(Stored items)
※ ※ ※

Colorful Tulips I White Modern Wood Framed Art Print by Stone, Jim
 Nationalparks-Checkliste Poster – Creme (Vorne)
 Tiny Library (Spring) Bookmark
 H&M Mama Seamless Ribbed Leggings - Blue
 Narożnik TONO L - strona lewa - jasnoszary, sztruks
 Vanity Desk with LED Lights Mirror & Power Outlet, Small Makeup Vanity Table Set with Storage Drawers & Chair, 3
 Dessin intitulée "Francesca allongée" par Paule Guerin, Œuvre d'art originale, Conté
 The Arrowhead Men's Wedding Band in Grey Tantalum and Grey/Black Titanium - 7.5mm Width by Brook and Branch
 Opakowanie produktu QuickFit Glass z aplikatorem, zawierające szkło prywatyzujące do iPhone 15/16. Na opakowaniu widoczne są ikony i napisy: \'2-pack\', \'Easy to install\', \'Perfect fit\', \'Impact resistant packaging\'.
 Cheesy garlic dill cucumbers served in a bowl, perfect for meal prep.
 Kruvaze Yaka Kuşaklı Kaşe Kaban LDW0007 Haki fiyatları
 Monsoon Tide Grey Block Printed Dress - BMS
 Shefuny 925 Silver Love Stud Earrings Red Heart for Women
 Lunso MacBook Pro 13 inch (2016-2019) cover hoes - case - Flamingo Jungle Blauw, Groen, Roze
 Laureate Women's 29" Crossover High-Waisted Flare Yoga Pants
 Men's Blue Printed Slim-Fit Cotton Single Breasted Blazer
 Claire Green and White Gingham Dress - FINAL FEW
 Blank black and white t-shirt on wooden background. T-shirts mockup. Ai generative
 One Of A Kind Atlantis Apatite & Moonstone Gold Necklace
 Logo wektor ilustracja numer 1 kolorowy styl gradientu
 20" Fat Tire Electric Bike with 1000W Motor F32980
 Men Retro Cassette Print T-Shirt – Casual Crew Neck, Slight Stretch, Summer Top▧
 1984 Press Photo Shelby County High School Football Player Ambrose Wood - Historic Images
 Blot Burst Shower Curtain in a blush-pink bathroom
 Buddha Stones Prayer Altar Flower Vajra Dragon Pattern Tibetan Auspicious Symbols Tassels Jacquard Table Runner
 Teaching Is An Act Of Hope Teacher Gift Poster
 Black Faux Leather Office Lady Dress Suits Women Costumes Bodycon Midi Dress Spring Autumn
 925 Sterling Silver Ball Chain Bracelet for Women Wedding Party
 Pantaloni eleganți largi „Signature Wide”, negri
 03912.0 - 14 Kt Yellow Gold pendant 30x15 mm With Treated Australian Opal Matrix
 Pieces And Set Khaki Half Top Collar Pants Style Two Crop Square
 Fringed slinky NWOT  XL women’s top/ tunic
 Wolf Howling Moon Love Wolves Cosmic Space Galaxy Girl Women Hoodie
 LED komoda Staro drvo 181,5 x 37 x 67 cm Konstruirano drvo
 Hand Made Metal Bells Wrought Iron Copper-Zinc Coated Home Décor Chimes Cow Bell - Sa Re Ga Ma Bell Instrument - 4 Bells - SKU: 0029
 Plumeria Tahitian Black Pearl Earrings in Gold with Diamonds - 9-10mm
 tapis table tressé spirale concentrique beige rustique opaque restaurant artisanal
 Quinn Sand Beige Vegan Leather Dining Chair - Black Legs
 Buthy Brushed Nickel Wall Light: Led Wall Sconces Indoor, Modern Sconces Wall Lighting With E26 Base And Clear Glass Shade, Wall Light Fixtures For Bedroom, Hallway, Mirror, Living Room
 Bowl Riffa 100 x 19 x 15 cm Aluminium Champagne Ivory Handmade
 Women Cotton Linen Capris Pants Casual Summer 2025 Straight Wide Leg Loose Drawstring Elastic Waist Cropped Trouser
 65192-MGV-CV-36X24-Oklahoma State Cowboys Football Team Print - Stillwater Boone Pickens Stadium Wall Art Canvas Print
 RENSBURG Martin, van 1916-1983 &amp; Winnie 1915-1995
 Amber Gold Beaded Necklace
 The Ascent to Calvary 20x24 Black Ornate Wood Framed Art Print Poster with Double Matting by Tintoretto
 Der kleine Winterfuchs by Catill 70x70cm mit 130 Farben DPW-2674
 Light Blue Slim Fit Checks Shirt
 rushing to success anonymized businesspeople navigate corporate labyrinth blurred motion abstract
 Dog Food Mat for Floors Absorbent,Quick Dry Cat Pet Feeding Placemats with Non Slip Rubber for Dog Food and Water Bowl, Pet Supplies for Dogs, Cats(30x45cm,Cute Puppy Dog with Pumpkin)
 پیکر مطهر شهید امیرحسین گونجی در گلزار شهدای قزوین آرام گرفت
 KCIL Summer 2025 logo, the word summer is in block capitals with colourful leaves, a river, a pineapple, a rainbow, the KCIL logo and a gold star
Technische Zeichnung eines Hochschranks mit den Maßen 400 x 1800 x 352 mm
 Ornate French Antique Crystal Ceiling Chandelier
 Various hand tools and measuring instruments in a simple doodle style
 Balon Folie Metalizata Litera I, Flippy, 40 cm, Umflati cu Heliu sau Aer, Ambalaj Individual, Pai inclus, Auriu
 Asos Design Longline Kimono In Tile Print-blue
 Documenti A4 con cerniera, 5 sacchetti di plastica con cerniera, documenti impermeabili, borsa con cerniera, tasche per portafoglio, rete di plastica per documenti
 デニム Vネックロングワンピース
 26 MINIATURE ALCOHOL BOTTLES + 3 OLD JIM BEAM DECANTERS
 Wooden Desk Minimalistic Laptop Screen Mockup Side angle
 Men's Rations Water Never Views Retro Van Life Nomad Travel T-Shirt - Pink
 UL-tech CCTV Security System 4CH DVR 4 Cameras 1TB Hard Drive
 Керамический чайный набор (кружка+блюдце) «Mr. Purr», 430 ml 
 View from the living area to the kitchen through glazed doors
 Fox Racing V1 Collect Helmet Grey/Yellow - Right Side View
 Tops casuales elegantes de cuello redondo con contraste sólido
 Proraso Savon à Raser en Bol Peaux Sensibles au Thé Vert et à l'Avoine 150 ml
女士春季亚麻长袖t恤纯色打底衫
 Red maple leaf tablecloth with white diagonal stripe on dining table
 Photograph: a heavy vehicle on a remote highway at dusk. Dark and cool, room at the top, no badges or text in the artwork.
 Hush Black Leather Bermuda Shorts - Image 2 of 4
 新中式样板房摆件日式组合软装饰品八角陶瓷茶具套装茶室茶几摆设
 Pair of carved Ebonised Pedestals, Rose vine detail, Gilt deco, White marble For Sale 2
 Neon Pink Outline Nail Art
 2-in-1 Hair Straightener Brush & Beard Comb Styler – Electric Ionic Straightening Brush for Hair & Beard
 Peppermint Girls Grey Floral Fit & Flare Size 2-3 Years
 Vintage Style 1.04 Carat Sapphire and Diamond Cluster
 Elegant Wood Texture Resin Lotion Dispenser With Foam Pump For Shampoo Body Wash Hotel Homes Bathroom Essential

※ ※ ※

**Required work:** Answer with one number only, the count of lines in the entries above that hold the string "Printed".

**Solution:** 2